Tuesday, 19 March 2019

Disillusionment with Society, Lack of Interest or Motivation to Contribute

I find myself increasingly disillusioned with society and with my peers. In my classes, I feel like there is a lack of focus on important issues and my attempts to provoke conversations on current affairs in the world and how they should be dealt with, specifically in terms of race, domestic policy, and global issues. I feel as if moving on to higher education will not be worth it. I feel if I were to apply myself to some field and envelop myself in my work that it would allow free-loaders to succeed and ride my coattails. I feel as if my peers are rats who lie about their feelings and their interests. They’ll argue that they care very much for social issues such as global minorities facing persecution (the Rohingya, Muslim minority in Myanmar, the Sudanese) yet they never say anything about these issues unless prompted by me. Furthermore, those conversations are one-sided and ephemeral because they quickly grow bored discussing issues they don’t care about. Should I continue to pursue personal goals?

Not everyone cares about the same things in the same way, with the same intensity as you do. What is important to you doesn’t have to be as important to others — and thinking it should might be something you’ll want to challenge. Your lack of interest in their concerns, and boredom discussing issues you don’t care about is exactly what you are accusing your “free-loaders” of doing. You seem dismissive and uninterested in their perspectives while wanting them to be passionate about yours.

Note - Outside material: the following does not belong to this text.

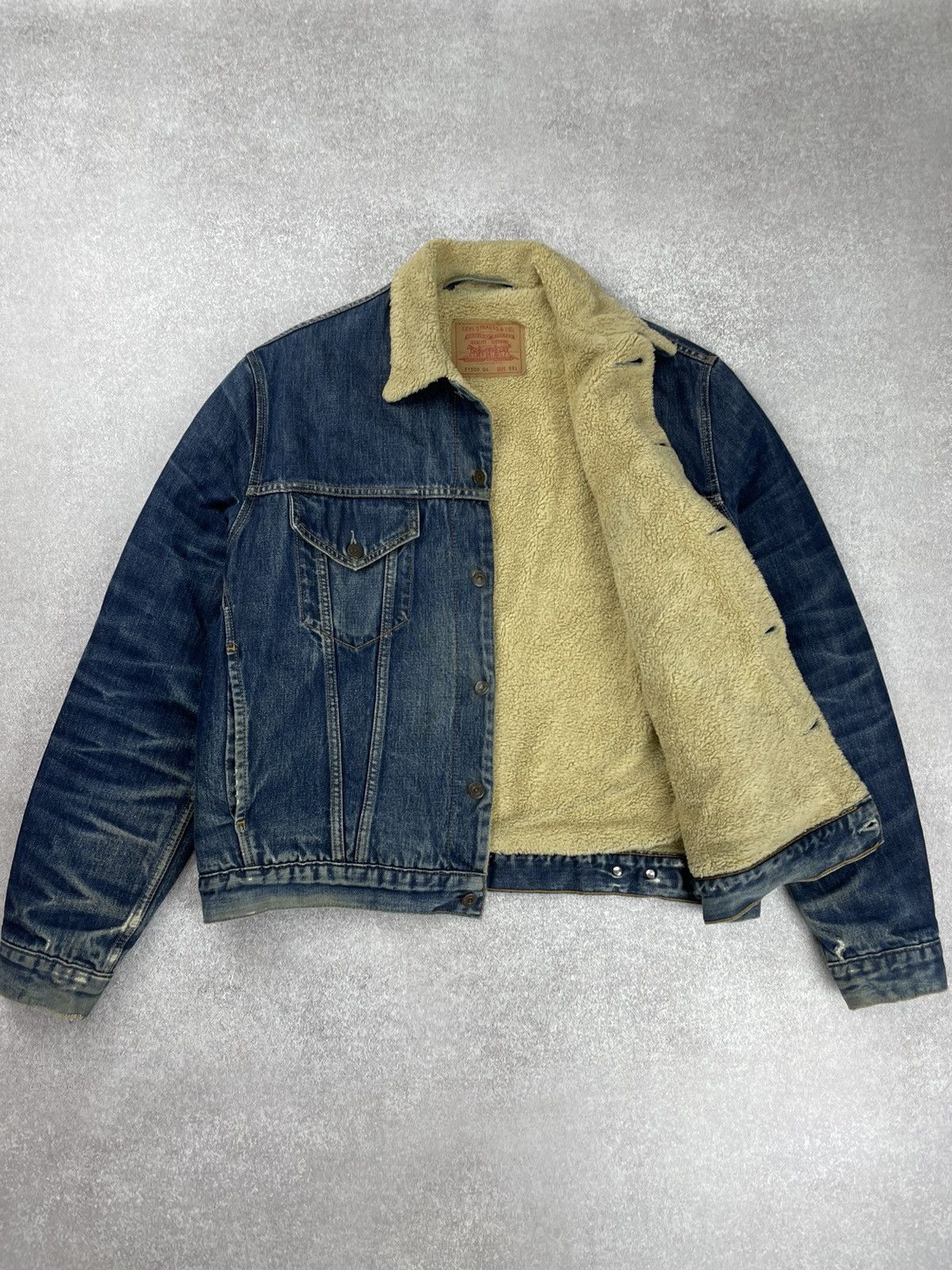 Levi's × Levi's Vintage Clothing × Vintage Vintage Levis Distressed Denim Jacket Sherpa Size US XXL / EU 58 / 5 - 10 Thumbnail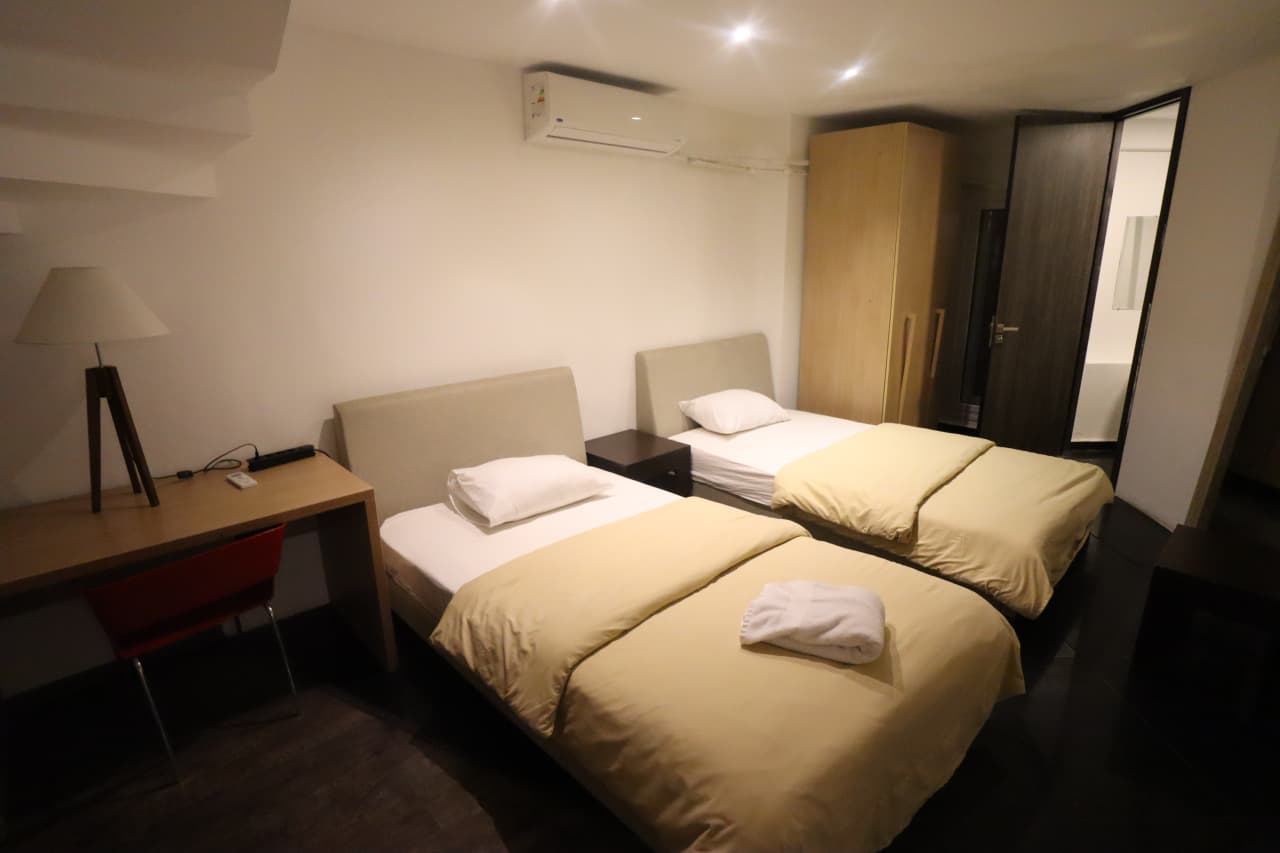 Chic Studio Apartment With Shared Garden In Quiet Maadi Area.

To engage in true societal transformation requires listening to obverse perspectives, gaining support for multiple concerns, standing up to your beliefs, and tolerance. As far as going on for higher education I think you could have much to offer. Along these lines, I am reminded of the words of Nobel Prize winner Aleksandr I. Solzhenitsyn: “It’s a universal law — intolerance is the first sign of an inadequate education. An ill-educated person behaves with arrogant impatience, whereas truly profound education breeds humility.”